Not heard this one before. Trying to see if there is some validity to the
statement. Thoughts?

Tim:>

Seems bogus to me. I can't imagine why realtime stats would be in flash rather than RAM. In fact, that can't be the case: they have to update the stats many more times per second than SNMP would poll them.

-mel beckman

cisco-nsp@puck.nether.net on the CC is a cross-post to another list, resulting in bounces if you're not subscribed to both lists. So I am removing cisco-nsp@puck.nether.net as NANOG does not permit cross-site posting.

-mel beckman

It’s entirely possible some people implement it poorly and the read cycles count. With 100k cycles somewhat typical for those bytes, it’s certainly something that could be seen if polling every 5 minutes in 347 days, but I think that’s a datapoint that most SFPs are warranted for much longer than 347 days.
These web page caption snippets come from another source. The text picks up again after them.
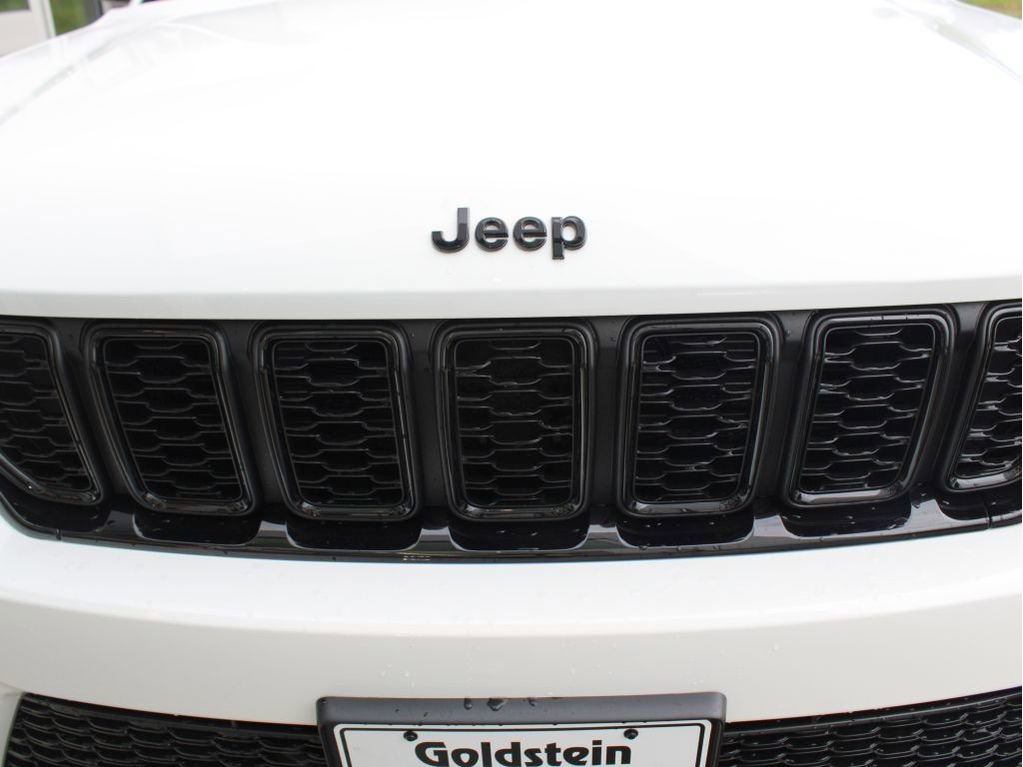New 2025 Jeep Grand Cherokee Altitude image 34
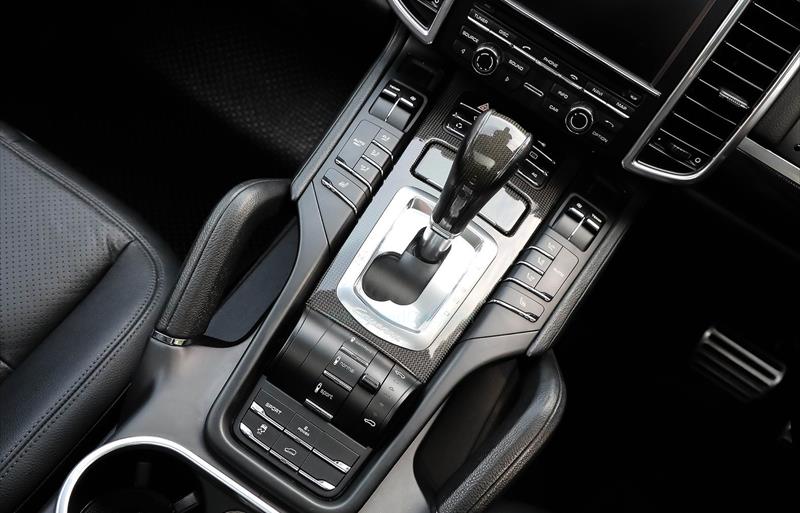 ขายรถ-suv-มือสอง-porsche-ปอร์เช่-cayenne-รถปี2012-รหัส79827-913ec6e8.jpg ขายรถ-suv-มือสอง-porsche-ปอร์เช่-cayenne-รถปี2012-รหัส79827-913ec6e8.jpg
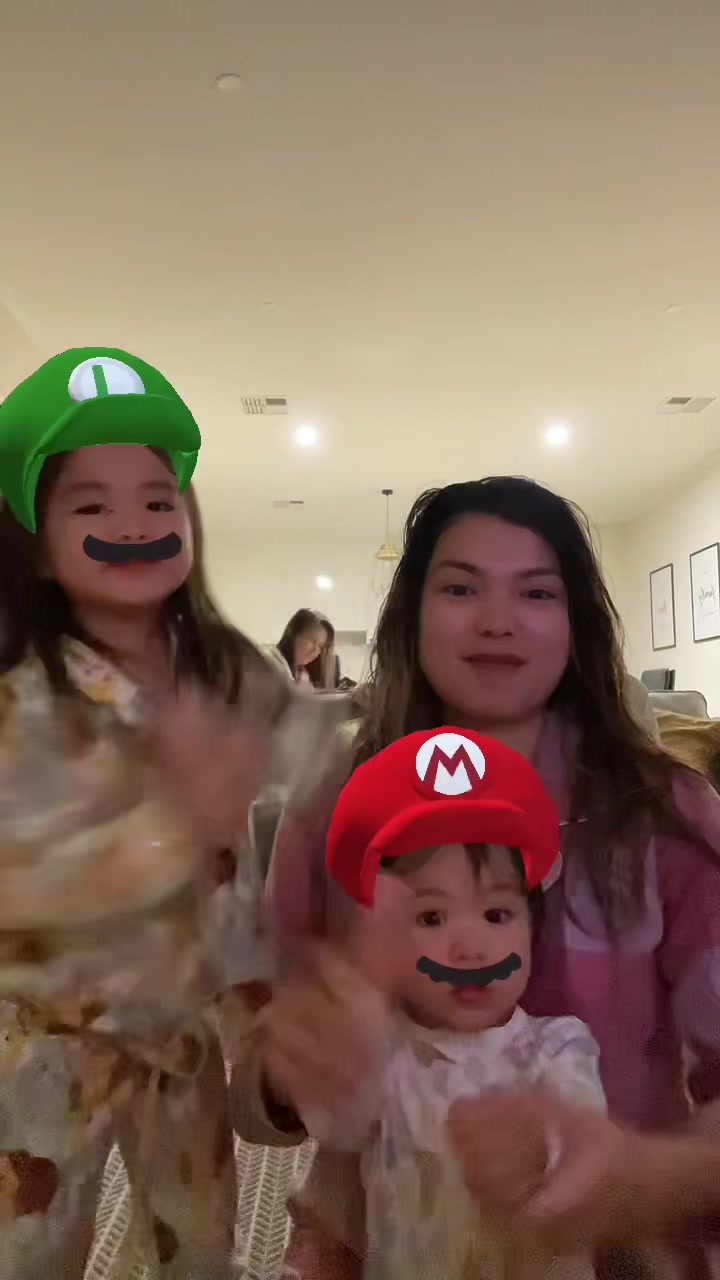 @Reina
As the DDM data is stored not at 0x50 but at 0x51/0x52 in optics this is more likely done with a micro controller presenting the ram backed data via reads to/from those specific bytes.

- Jared

I have a vendor that does not support SFP DOM SNMP polling. They state this
is due to EEPROM read life cycle. Constant reads will damage the SFP.

Complete and total garbage. Reading from EEPROM and Flash both DO NOT
WEAR. It is the erase+write cycle that wears them. Further typical
EEPROM life cycle is ~1M erase/write cycles. If you wrote it every
minute you could conceivably wear it out in a couple years...but thats
flat out not how it works. The EEPROM, if any, is not going to be
used for statistics data....maybe fail counts of some kind, lifetime
(hours) maybe...that sort of thing.

Michael,

I totally missed the fact that reads don’t stress EEPROMs! <blush>

Excellent point, and makes the vendor’s claim totally bogus.

Probably just one employees claim, but the vendor should step up and fix the real problem.

-mel

I'm no expert in EEPROMs but recall awhile back we had an optical vendor
(transport-side, not router-side) that did do frequent writes (maybe it was
for performance info) to EEPROM and burned them out that way after a couple
of years. Maybe your vendor is saying they don't support reporting this
way because they would do it via writing to the EEPROM which is bad for
it. Not saying whether they could do it some different way that would make
it supportable, but who knows. May be some fundamental
shortcoming/limitation of their design (or their OEM's design).

$0.02
Tony

A typical SFP spec sheet leads me to conclude that reading optic values
repeatedly is expected. For example:

https://www.finisar.com/sites/default/files/resources/AN_2030_DDMI_for_SFP_Rev_E2.pdf

(I selected Finisar as they have complete spec sheets publicly available.)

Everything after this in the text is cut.